Bill Buckhurst's production is at once laugh-out-loud funny, deeply thought-provoking and disturbing. The winning combination of actor/musicians works its usual magic, with a wonderfully cast bunch of multi-talented performers embodying these frighteningly convincing outsiders, each triggered by their own grievances, obsessions and delusions.

Joey Hickman's Proprietor reels 'em into a sinister fairground shooting range with his wicked smile, showman's patter – and proffered selection of firearms. Thus America's deadly insistence on legally available guns for all is centre stage from the get-go.

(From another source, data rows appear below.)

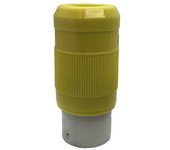 Marinco Conector De Cubierta 32a 220v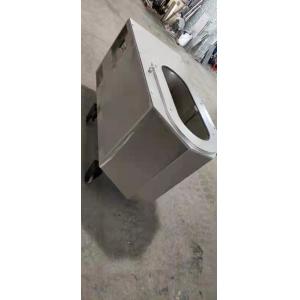 CE Certificated Zamak Products Sliver Color Zinc Melting Pot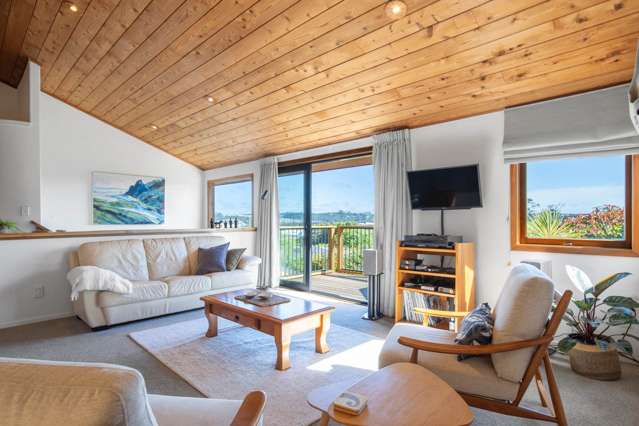 Elevated, Spacious, Impressive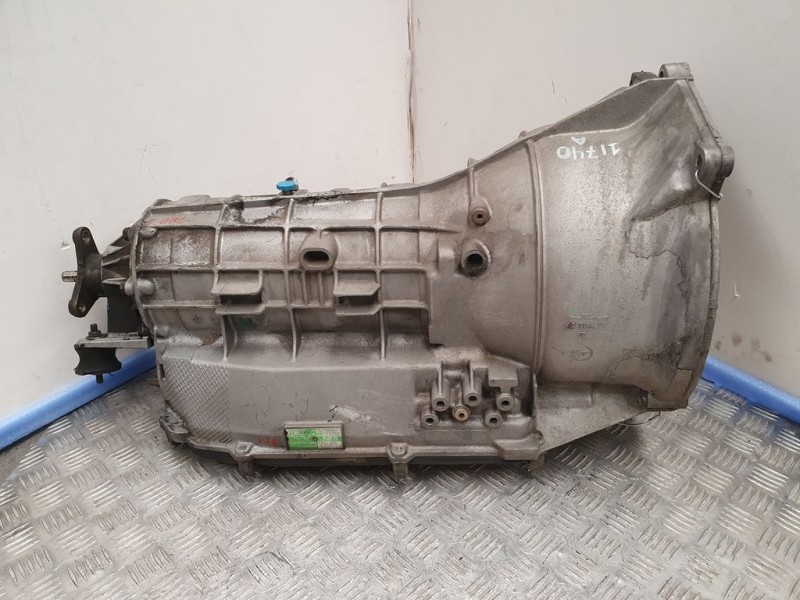 Recambio de caja cambios para bmw serie 5 berlina (e39) 525tds referencia OEM IAM 5HP18 0531466 AUTOMATICA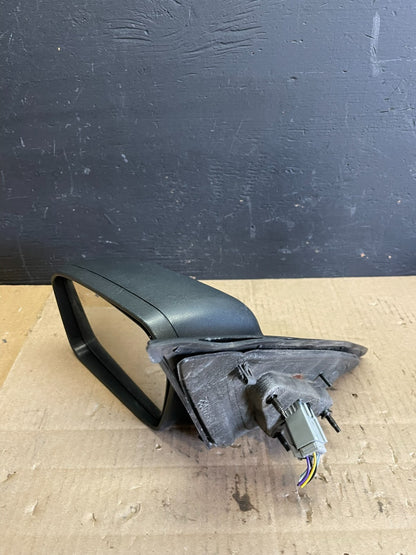 2006-2010 Ford Fusion Milan Left Driver Side Heated Door Mirror OEM AB7719 MS8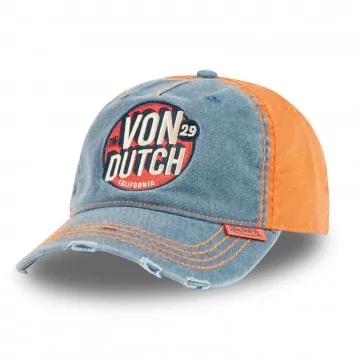Vintage Retro Baseball Cap (Caps) Von Dutch on FrenchMarket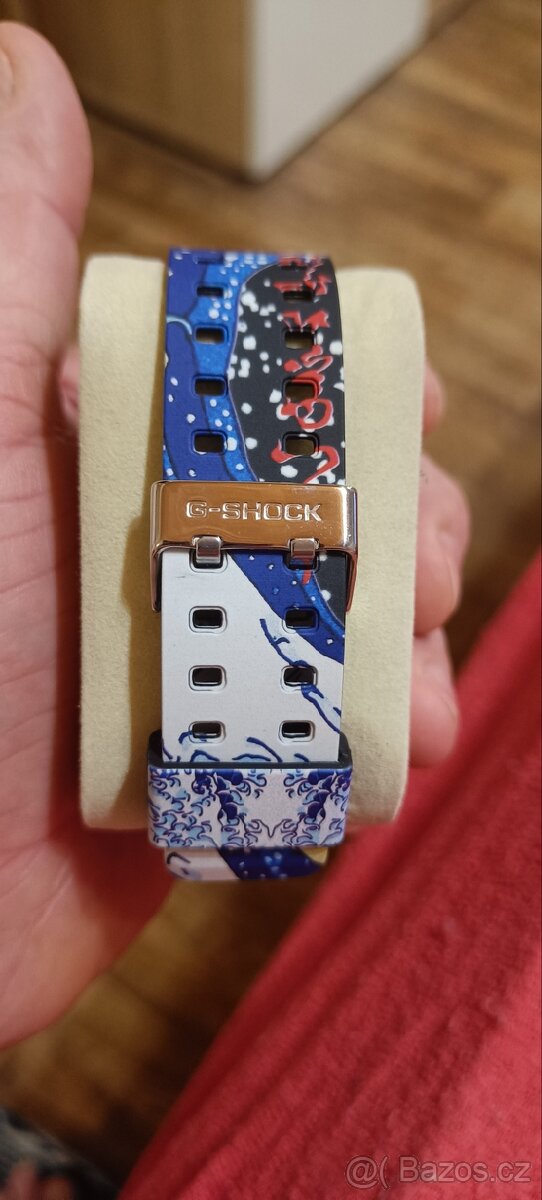 Casio g shock GA 110 - 3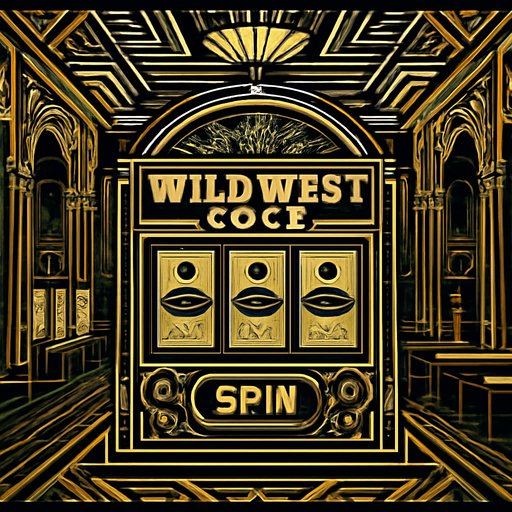ac67 Wild West Gold পশ্চিমা থিমের স্ক্রিন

Starting with John Wilkes Booth's spectacular elimination of Abraham Lincoln, the action moves back to Wilkes Booth and then forward to John Hinckley's mercifully unsuccessful attempt to see off Ronald Reagan. It then climaxes with arguably the most high-profile assassination of all: the disparate band crowd round Lee Harvey Oswald, urging him to unite and justify them all by setting his gunsights on President Kennedy from that Dallas Book Depository vantage point.

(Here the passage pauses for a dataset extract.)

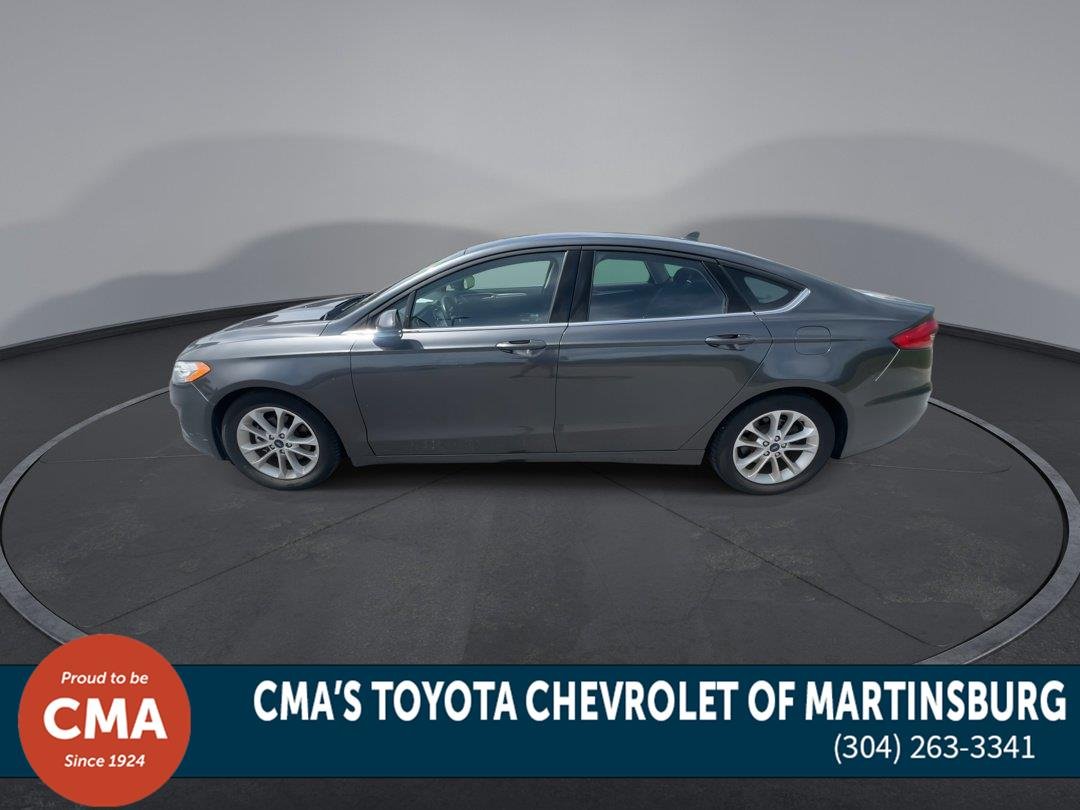 Used 2020 Magnetic Ford SE image 5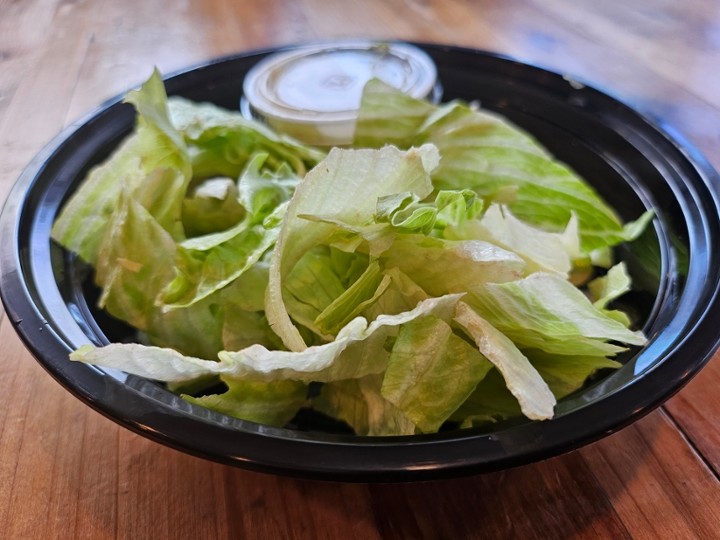 SMALL Build Your Own Salad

The contrast between Alex Mugnaioni's loquacious thespian Wilkes Booth and Ned Rudkins-Stow's repressed time bomb of a Lee Harvey Oswald is one of the show's highlights. Every assassin demands equal attention though: Peter Dukes is actually sympathetic as Leon Czolgosz, the Polish anarchist who did for William McKinley in 1901, his demands for rights for downtrodden workers like himself dangerously inspired here by obsessional love for anarchist Emma Goldman (authoritative Phoebe Fildes). Zheng Xi Yong, as the Italian-born US immigrant Guiseppe Zangara who missed Franklin D Roosevelt in 1933, vividly reveals the chip on his shoulder left by the sufferings in the Great Depression that he blames on the President.

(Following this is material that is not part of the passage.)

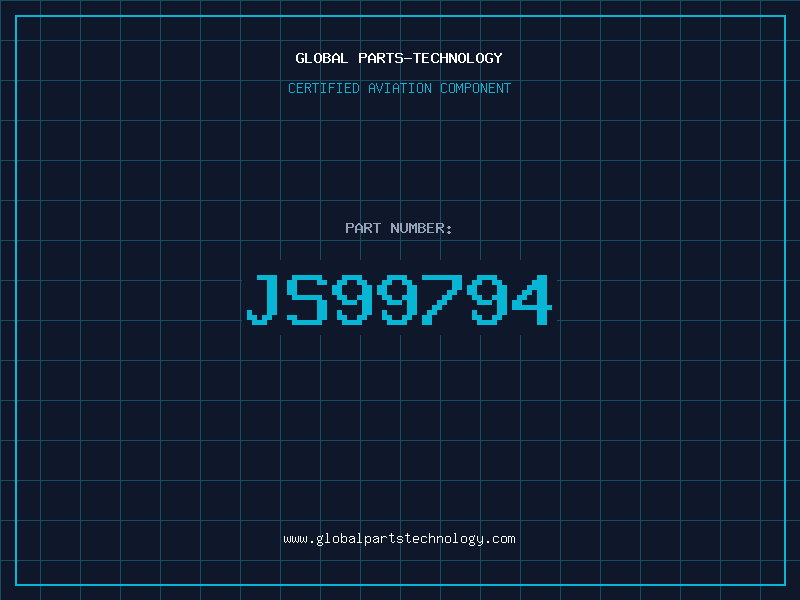 Aviation Part JS99794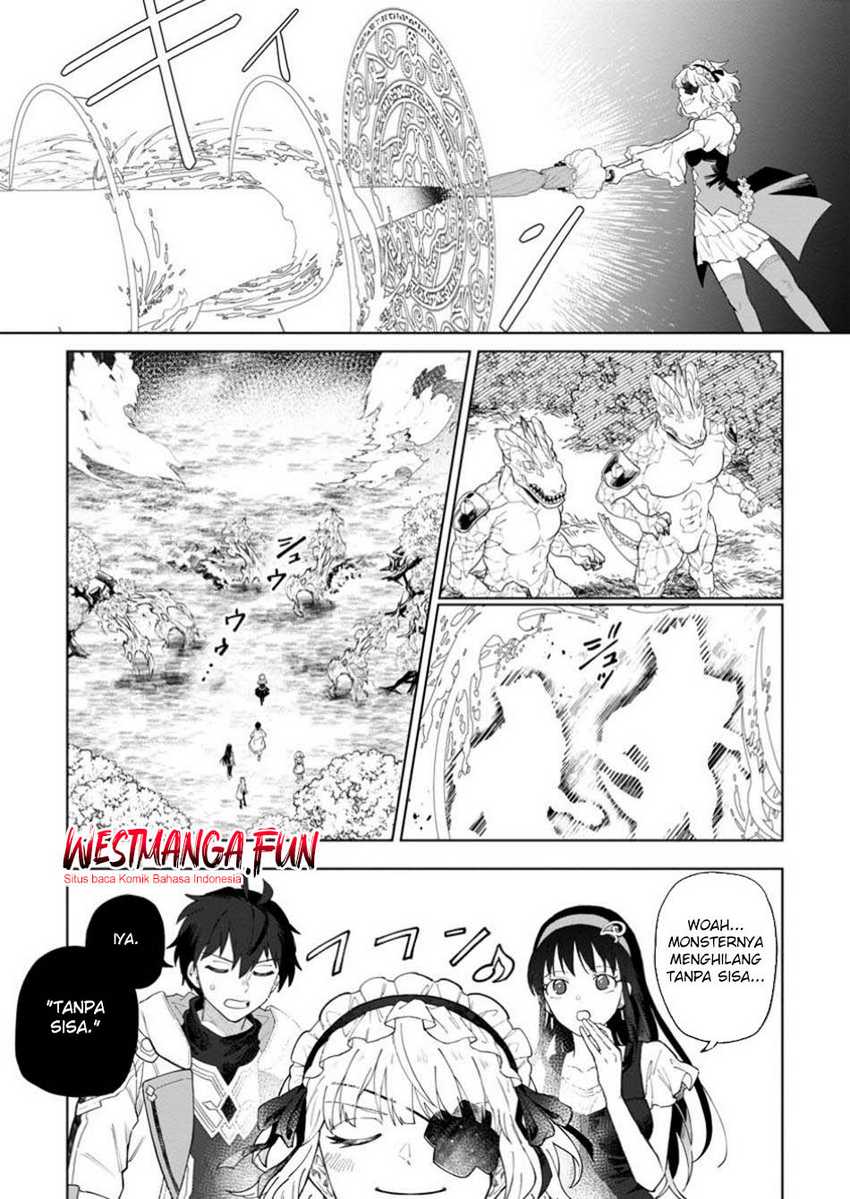 Baca The White Mage Who Was Banished From the Hero’s Party Is Picked up by an S Rank Adventurer - Chapter 41.1 halaman 16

Samuel Byck's failed attempt to eliminate Nixon by flying a hijacked plane into the White House has a special chilling relevance post-9/11. Dressed as a dishevelled bad Santa Claus, Steve Simmonds invests him with a crazed malevolence. Sondheim's dark humour has him seeking attention from composer Leonard Bernstein, quoting from West Side Story's "Tonight" – words written by none other than Sondheim himself of course.

The only women would-be assassins provide an alarmingly funny double act of gun-toting gals. Sara Poyzer's jovial, awkward would-be ‘hockey mum' Sara Jane Moore and Evelyn Hoskins' unhinged Lynette 'Squeaky' Fromme, Charles Manson's crazed groupie, demonstrate how they failed spectacularly to bring down President Ford in 1975.

Jack Quarton is frighteningly convincing as John Hinckley, embodying the obsessed stalker of star names, trying to get the attention of Jodie Foster by shooting Ronald Reagan, but succeeding only in being certified insane.

Perhaps the loudest voice in this litany of cries for attention from a cruel unfeeling world is Charles Guiteau, whose went to the scaffold for shooting President Garfield. Eddie Elliott revels in the jaunty gallows humour of his Gospel exit number "I Am Going to the Lordy", climbing steps that materialise on Simon Kenny's spare, effective fairground set, illuminated by a strip of gaudy lightbulbs.

Matthew James Hinchcliffe gets to embody all the Presidential targets and more. The whole story is knitted together by Lillie Flynn's magnificent Balladeer, brilliantly filling the narrator's role thanks to her rich voice and incisive diction. In today's world of violently entrenched opinions, this rich revival is perfectly timed.